The lawsuit was filed on behalf of Satanic Temple member “Ann Doe,” and argued that Texas’ strict abortion laws violate their “right to a religious accommodation of its members to engage in the abortion ritual under the Texas Religious Freedom Restoration Act.”
The Satanists also claimed that “TST has a constitutional right under the Texas Constitution to the free exercise of their religious practices, including the abortion ritual” and “First Amendment ‘conduct,’ including TST’s religious abortion ritual, is not permitted to be the target of civil actions filed under SB8.”
“SB8’s ban on abortions after six weeks infringes upon our members’ rights to engage with their chosen religion and to participate in religious rites and rituals,” The Satanic Temple’s Director of Campaign Operations Erin Helian said in a press release provided to The Gateway Pundit at the time of the filing. “In accordance with our Third Tenet, The Satanic Temple will push back against the Texas legislature’s violation of our members’ bodily autonomy and freedom of choice.”

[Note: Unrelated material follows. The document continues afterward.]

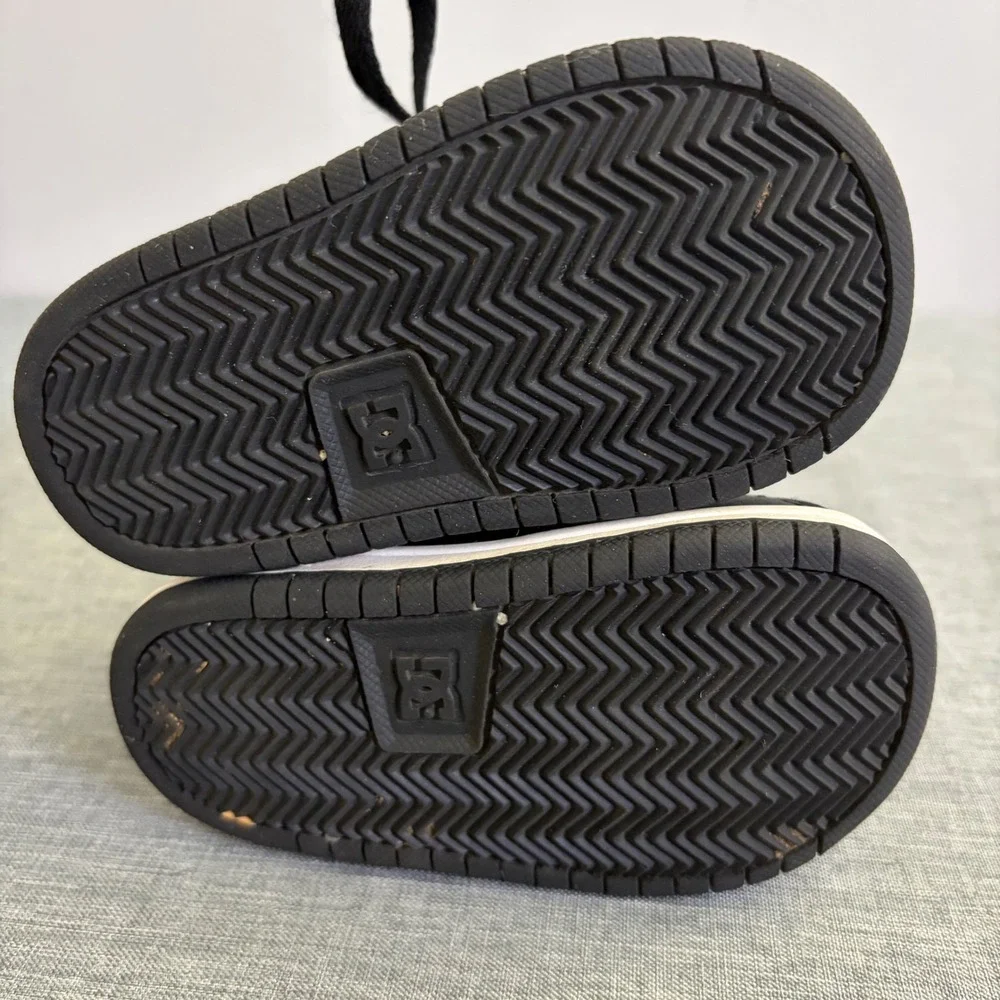 DC Shoes Sneakers Toddler 5 Black Pure High-Top‎ Leather Skate Shoes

Judge Charles Eskridge dismissed the case earlier this month, calling the complaint “spare and unusually cryptic.”
“For instance, The Satanic Temple is alleged to be ‘a religion,’” Judge Eskridge wrote. “But what its belief structure entails and how Texas law was applied against it isn’t meaningfully explained. Also unstated is how those laws impacted Ann Doe herself, who is included in the caption, but about whom nothing more is said.”
The judge also asserted that the organization was acting in “bad faith” and that “any repleading at this stage would manifest undue prejudice to a range of current and former Defendants who still have little clue as to the exact nature of the claims brought in this case. The Court is also of the firm belief that any further attempt at repleading would be futile, given that Attorney Kezhaya’s filings become more conclusory, reductive, and intemperate over time, in line with his performative and obstinate conduct to date.”
Judge Eskridge concluded that the “amended complaint is willfully inadequate and deficient. It fails for jurisdictional reasons and would also likely fail for insufficient pleading of the merits. Plaintiffs will not be given leave to replead.”
The temple previously attempted to use religious freedom to fight abortion laws in Missouri but also failed there.